Het hof acht, alles afwegende, een gevangenisstraf van na te melden duur passend en geboden.
Tenuitvoerlegging van de opgelegde gevangenisstraf zal volledig plaatsvinden binnen de penitentiaire inrichting, tot het moment dat de veroordeelde in aanmerking komt voor deelname aan een penitentiair programma, als bedoeld in artikel 4 Penitentiaire beginselenwet, dan wel de regeling van voorwaardelijke invrijheidsstelling, als bedoeld in artikel 6:2:10 Wetboek van Strafvordering, aan de orde is.

BESLISSING

Het hof:
Verklaart de officier van justitie niet-ontvankelijk in het hoger beroep, voor zover gericht tegen de beslissing ter zake van het onder 4 tenlastegelegde.

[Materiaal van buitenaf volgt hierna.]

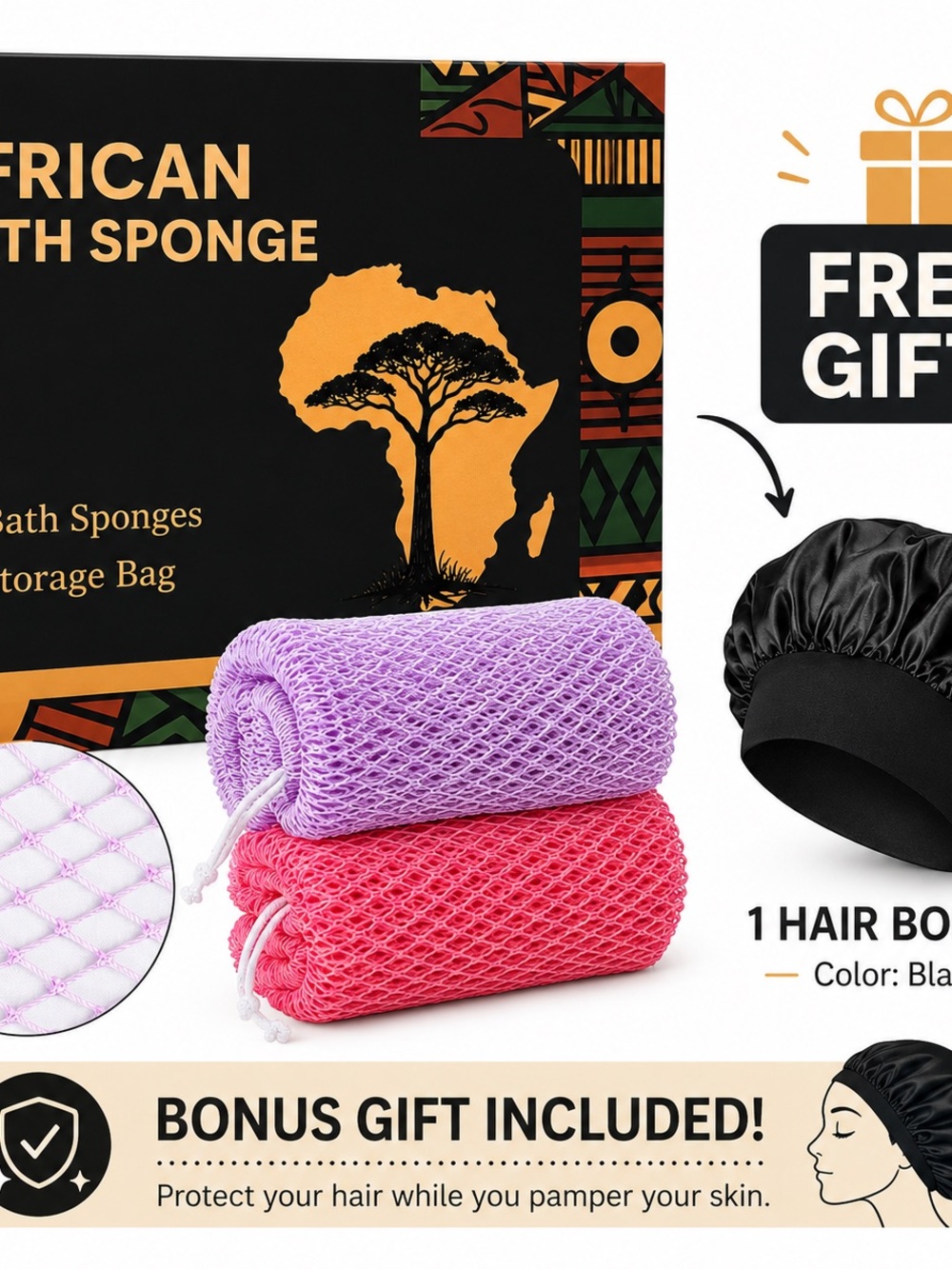 Exfoliating Mesh Bath Sponges Set with Free Black Hair Bonnet - Purple & Pink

Vernietigt het vonnis waarvan beroep ten aanzien van de strafmotivering en de opgelegde gevangenisstraf en doet in zoverre opnieuw recht.
Veroordeelt de verdachte tot een
gevangenisstrafvoor de duur van
2 (twee) jaren.
Beveelt dat de tijd die door de verdachte vóór de tenuitvoerlegging van deze uitspraak in enige in artikel 27, eerste lid, van het Wetboek van Strafrecht bedoelde vorm van voorarrest is doorgebracht, bij de uitvoering van de opgelegde gevangenisstraf in mindering zal worden gebracht, voor zover die tijd niet reeds op een andere straf in mindering is gebracht.
Bevestigt het vonnis waarvan beroep – voor zover aan het oordeel van het hof onderworpen – voor het overige, met inachtneming van het hiervoor overwogene.
Dit arrest is gewezen door de meervoudige strafkamer van het gerechtshof Amsterdam, waarin zitting hadden mr. H.A. van Eijk, mr. M.L.M. van der Voet en mr. A. Dantuma-Hieronymus, in tegenwoordigheid van mr. J.M. van Riel, griffier, en is uitgesproken op de openbare terechtzitting van dit gerechtshof van 21 juli 2021.
mrs. A. Dantuma-Hieronymus en J.M. van Riel zijn buiten staat dit arrest te ondertekenen.